The Business Management Unit provides financial, human resource planning and reporting, Information Management/Information Technology (IM/IT), security and accommodations support functions within the Sector.
The Sector works in collaboration with AANDC regions for the delivery of programs and in partnership with a variety of stakeholders including Band Councils, Tribal Councils, First Nations, provinces and territories, and other government departments, including Health Canada and Human Resources and Skills Development Canada.

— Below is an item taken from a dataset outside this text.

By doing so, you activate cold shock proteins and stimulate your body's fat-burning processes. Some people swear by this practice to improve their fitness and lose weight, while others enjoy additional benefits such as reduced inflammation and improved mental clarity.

The Sector’s management practices, including those within the scope of this audit, must be adequate and effective relative to the context within which ESDPP operates. Through the planning and conduct of this audit, a number of contextual factors were identified as potentially significant and/or challenging, and therefore were considered as relevant to the assessment of management practices. For example, ESDPP’s social and educational mandate is inherently complex, dynamic and highly scrutinized. The Sector must engage and consider a wide variety of internal and external stakeholders and partners in the delivery of its objectives. Further, interviews with Senior Sector Management revealed evidence of considerable turnover, especially at senior levels, which included a new ADM in 2011-12. Against this backdrop, the Sector is also in the midst of responding to substantial changes precipitated by program and legislative reform as well as the cost reduction measures taken by the Department in response to DRAP. These matters of context were identified and considered during the course of the audit, particularly in respect of how the Sector has leveraged business practices to respond to these matters. Below is a synopsis of DRAP and Program/Legislative Reform impacts that were considered relevant to the planning and completion of the audit:
Impact of DRAP Measures and Requirements
Although the number of Full-Time Equivalents (FTEs) directly affected by DRAP was less than reductions experienced elsewhere in the Department, the Sector was subject to FTE reductions resulting from the Department’s response to DRAP. Certain administrative positions were lost in ESDPP which, among other things, resulted in a consolidation of administrative staff. This consolidation precipitated the introduction of new practices to ensure consistency and streamlining of administrative responsibilities.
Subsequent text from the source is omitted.